How many credit cards do you carry? How many of these credit cards do you use regularly? In most circumstances you should really only need one major credit card in your wallet. While you may have a second credit card in your name for emergencies (in case your regular card is lost or stolen for example), only keep your primary card in your wallet. Using only one credit card can help you with your money management by helping you:
- Monitor your expenses much easier since most major purchases will be on one monthly statement. Review your statement each month not only to ensure that the purchases were made by you in the first place, but to ask yourself some critical questions about whether or not you are spending your money wisely.
- Simplify your bill payments each month. Having only one credit card bill to monitor will make sure you don’t accidentally miss any payments incurring unnecessary late payment fees and interest. If you are working towards getting out of credit card debt having one statement will keep you focused on paying off that debt quickly.
- If you have a points card, using one credit card for all of your credit purchases will maximize your rewards.

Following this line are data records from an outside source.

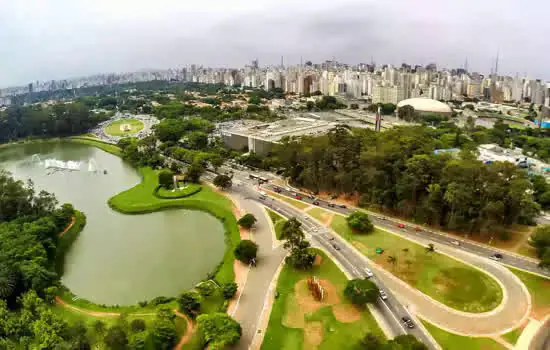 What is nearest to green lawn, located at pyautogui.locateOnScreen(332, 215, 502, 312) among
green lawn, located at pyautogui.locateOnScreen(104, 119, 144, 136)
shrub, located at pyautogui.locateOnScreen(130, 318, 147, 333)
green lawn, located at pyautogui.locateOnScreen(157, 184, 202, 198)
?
shrub, located at pyautogui.locateOnScreen(130, 318, 147, 333)

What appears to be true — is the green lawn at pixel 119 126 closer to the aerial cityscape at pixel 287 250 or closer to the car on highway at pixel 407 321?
the aerial cityscape at pixel 287 250

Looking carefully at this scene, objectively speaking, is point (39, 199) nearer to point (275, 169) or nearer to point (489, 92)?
point (275, 169)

You may also decided to carry a specialized card such as a gas card if you are certain that the rewards program offered on that card is better than your primary card. Again keep these cards to a minimum and NEVER use high interest retail credit cards unless you are 100% certain you can pay the balance off within the statement period. Leave these at home and only use them if the store offers a significant discount for using the card.

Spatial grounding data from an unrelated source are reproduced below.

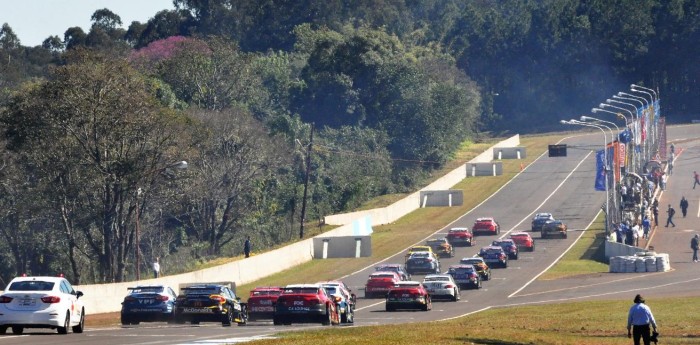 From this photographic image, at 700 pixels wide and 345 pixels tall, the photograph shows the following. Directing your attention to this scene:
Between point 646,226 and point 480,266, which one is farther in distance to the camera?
point 646,226

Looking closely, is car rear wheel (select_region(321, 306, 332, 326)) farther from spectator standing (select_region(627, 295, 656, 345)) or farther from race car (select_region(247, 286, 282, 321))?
spectator standing (select_region(627, 295, 656, 345))

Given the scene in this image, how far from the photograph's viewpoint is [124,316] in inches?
1694

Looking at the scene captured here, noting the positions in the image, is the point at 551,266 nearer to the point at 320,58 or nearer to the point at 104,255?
the point at 104,255

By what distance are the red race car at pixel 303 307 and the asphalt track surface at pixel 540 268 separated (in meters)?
0.64

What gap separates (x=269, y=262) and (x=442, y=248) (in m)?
12.5

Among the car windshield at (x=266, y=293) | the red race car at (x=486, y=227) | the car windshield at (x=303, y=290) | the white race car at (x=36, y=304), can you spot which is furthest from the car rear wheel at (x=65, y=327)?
the red race car at (x=486, y=227)

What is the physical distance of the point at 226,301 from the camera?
4381 centimetres

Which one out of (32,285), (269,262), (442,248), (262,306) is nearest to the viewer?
(32,285)

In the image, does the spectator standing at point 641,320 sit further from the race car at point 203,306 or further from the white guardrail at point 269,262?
the white guardrail at point 269,262

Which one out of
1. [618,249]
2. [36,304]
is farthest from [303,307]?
[618,249]

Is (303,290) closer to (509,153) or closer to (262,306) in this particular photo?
(262,306)

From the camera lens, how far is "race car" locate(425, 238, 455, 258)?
85500mm

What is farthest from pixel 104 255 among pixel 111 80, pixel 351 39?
pixel 351 39

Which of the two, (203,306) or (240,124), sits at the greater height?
(240,124)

If you are an impulse shopper, one of the wises financial decisions you can make is to limit yourself to using cash for non-essential items or “wants”. Keep only enough cash for a short period of time say $25 to $50. The goal is to limit yourself to enough to pay for small extras that you can afford like lunch out with friends or a movie. Don’t carry so much that if you spend it unwisely (or worse lose your wallet) you will have trouble paying the rent or buying groceries at the end of the month.
Used wisely, a debt card is not only convenient but often safer than carrying cash. Use your debt card for essential items like groceries and gas (“needs’). Go online at the end of every week and review your purchases. Like with your credit card statement, this will not only ensure that your debit card has not been a target of fraud, but will keep you focused on ensuring that you are spending money only where you should be.
Rewards Cards, Loyalty Cards
It seems that almost every store offers a rewards program today. Carry rewards cards for stores you visit frequently (grocery, gas, drug store etc) in your wallet. Place the remainder in a separate small portfolio at home. Bring them with you when you will be visiting one of these stores. Think wisely about loyalty cards. Earning points should never be the incentive for purchasing something. Check that the item you are purchasing is competitively priced before you choose to spend in a particular store because they offer rewards.
Keep any gift cards you have received in one place in your wallet. It is also a smart idea to review them every once in a while to see what gift cards you have before you go shopping. Ask yourself if the item you are looking for might be sold at a store where you have a gift card. When you use a gift card at a store, ask the store clerk to write the balance left somewhere on the card to help you keep track of what is left on the card. Have a gift card or balance on a card you are not likely to use? Consider asking around and trading with your friends to take better advantage of those unusual cards.
Keeping your goal in mind can be a good financial motivator. If your goal is to pay off debt, consider keeping a small chart with you tracking your progress towards reducing that debt. If you are saving for a major purchase, keep a picture of the item in your wallet. Take these motivators out and think about them if you are tempted to stray from your objectives.
Organizing your wallet to encourage good financial decisions is the good step towards achieving your financial goals. Use credit and financial tools wisely, and you will be more likely to stay on track.